Look through the lines of the material and count those containing "Cream". Give that count alone.
*** Opening of SUPPLIED DATA ***
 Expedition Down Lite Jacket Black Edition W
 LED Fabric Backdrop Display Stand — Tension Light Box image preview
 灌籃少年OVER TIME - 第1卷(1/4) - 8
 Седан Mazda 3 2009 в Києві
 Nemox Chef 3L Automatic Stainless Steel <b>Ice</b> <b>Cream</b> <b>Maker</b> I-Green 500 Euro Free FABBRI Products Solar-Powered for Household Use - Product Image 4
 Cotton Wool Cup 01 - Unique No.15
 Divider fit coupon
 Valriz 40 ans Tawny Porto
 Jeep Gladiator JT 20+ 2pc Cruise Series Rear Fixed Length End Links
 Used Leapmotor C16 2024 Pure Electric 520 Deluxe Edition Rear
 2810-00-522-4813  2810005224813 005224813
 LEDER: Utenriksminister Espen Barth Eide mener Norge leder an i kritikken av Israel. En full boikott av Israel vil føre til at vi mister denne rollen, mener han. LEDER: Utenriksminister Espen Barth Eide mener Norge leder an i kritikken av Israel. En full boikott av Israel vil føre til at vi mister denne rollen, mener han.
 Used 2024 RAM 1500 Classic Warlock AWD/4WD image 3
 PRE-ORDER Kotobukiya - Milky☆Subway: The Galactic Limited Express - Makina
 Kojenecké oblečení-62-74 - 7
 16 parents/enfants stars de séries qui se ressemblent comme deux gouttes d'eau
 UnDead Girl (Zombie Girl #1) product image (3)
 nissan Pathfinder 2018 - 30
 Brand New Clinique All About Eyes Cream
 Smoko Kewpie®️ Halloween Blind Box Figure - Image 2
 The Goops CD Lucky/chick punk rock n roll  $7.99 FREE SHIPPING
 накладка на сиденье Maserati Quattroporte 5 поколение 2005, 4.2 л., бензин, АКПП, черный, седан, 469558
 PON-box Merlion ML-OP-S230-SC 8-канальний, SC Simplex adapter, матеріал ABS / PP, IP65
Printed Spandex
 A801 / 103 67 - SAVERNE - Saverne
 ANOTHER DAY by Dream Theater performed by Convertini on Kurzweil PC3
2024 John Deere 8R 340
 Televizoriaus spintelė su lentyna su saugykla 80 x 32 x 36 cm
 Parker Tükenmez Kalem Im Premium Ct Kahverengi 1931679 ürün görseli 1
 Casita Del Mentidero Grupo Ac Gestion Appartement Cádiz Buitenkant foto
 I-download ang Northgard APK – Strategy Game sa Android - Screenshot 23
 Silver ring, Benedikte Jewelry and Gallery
*** Close of SUPPLIED DATA ***
▶ _TASK OUTPUT_
2